If you’ve ever wondered what it would look like to watch a dozen bleeding tough guys (and one steely woman) crawl around a dusty warehouse floor while shooting guns at each other for the better part of 90 minutes, Free Fire has your answer. Ben Wheatley’s cartoonish ‘70s-era shoot-em-up is a Tarantino knockoff without the nonlinear trickery and only about half the wit, hewing a bit more closely to the cheeky tone of Guy Ritchie’s early barrages of bullets, minus the hyper-stylization. And yet, despite its unimaginative premise, Free Fire sends up action movie tropes with the kind of self-aware humor that hits the sweet spot between parody and homage while never fully indulging in either. It’s gleefully over-the-top enough to pack a wallop, even if its scattershot humor results in far fewer hits the further along we go.

The plot actually does boil down to little more than a bunch of people shooting at each other, but for those who demand specifics, it’s worth noting that Free Fire’s premise hinges on a black-market arms deal gone horribly wrong. IRA members Chris (Cillian Murphy) and Frank (Michael Smiley) have arranged to purchase a few dozen assault rifles from a pair of gun-peddlers, the weaselly Vernon (Sharlto Copley) and his ex-Black Panther partner Martin (Babou Ceesay). Mediating the deal on behalf of the IRA is the level-headed Justine (Brie Larson), and acting as middleman for the arms dealers is the cool beard-oil-aficionado Ord (Armie Hammer). Vernon imperils the deal by bringing the wrong kind of rifle, but after some smooth talk from Ord and Justine, everything appears to be moving toward resolution. Then a fracas breaks out due to some bad blood between two of the opposing sides’ underlings, with one (Jack Reynor) ultimately firing a shot and unleashing the mayhem.

As everybody scatters and starts firing, steadily sustaining a ludicrous number of shoulder and leg wounds before anyone actually gets killed, factions form and dissolve and clever zingers fly as frequently as the bullets. Ord periodically roasts a joint, and the IRA’s stooge ultimately responsible for the whole upset (Sam Riley) manages to do some smack. Schemes are hatched and foiled, and options fall by the wayside as more blood is spilled and the incapacitating wounds pile up.
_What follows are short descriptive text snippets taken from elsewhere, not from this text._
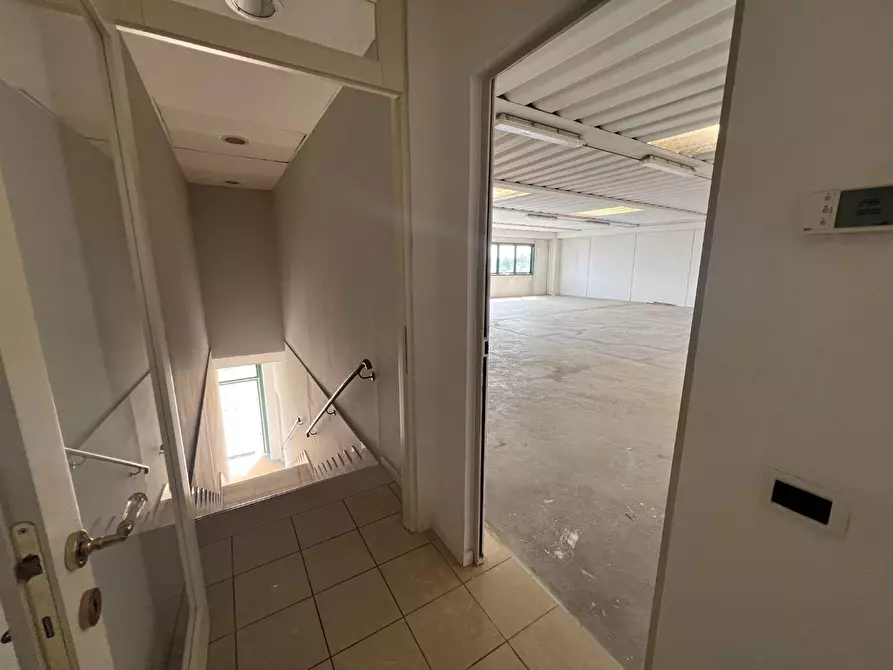 Immagine 4 di Ufficio in affitto  a Cascina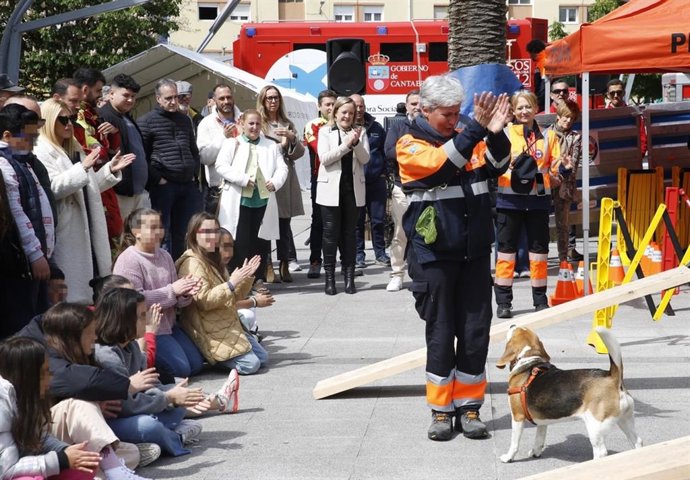 La consejera de Presidencia, durante una jornada de formación dirigida a escolares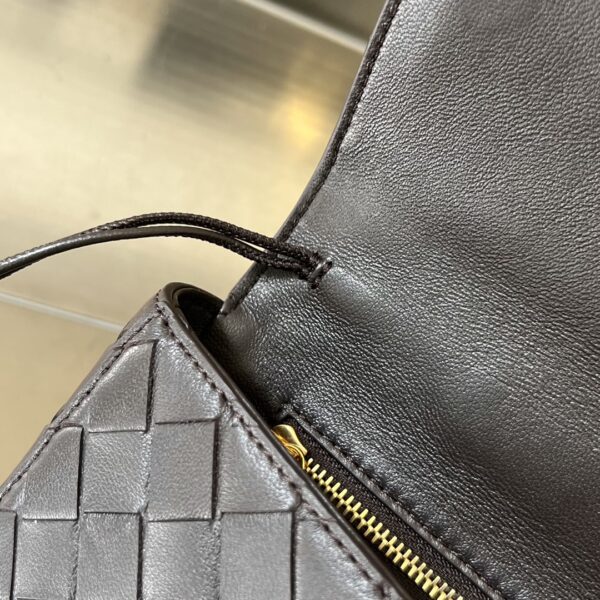Bottega Veneta Clutch Andiamo With Handle
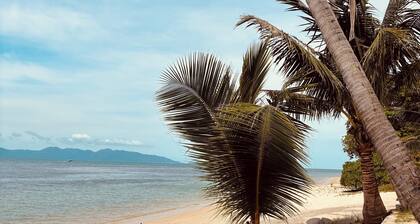 Dream Villa Beachfront Sunset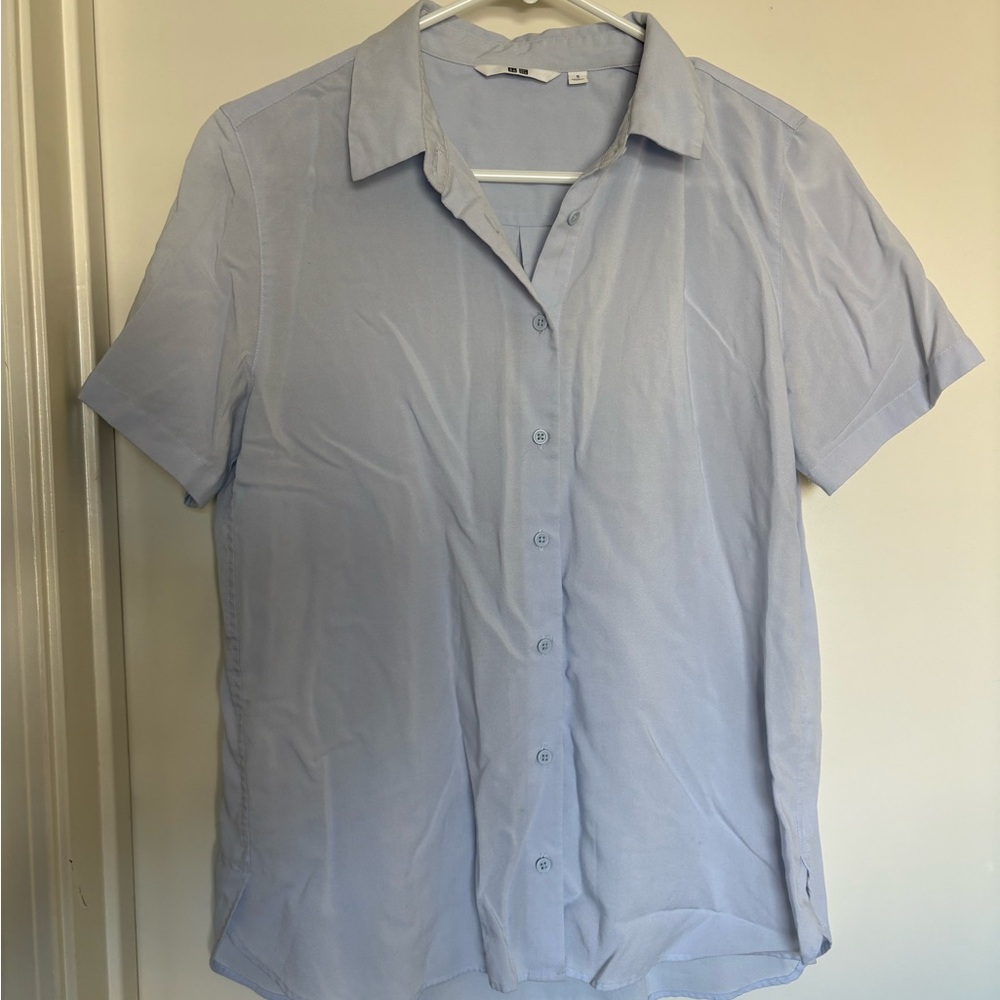 Uniqlo Light Blue Rayon Short-Sleeve Button-Down Blouse - Size S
It’s clear that very few of these characters will be making it out of the warehouse alive, but that reality remains lighthearted throughout—it’s rare to find a film that derives so many laughs out of gunshot wounds.

As the body count finally starts rising, the film’s energy flags. After all, it’s the wisecracks that drive Free Fire, not the fates that each character will ultimately meet. Copley and Hammer are the most entertaining, with the latter’s sonorous voice and impossibly chill aura acting as a foil to the former’s peculiar cadence and uptight demeanor. Murphy basically just brings his Tommy Shelby gang leader from “Peaky Blinders” into the 1970s, making time to flirt with Larson’s Justine, who even as the token female feels underused. With its snappy dialogue, flippant humor and the indulgent fun of its unceasing gunfights, Fire Free may only slightly rise above the b-movie action it emulates, but there’s a certain pleasure in watching an unapologetically zany shoot-em-up flick that can, in its best moments, make Tarantino appear restrained in comparison.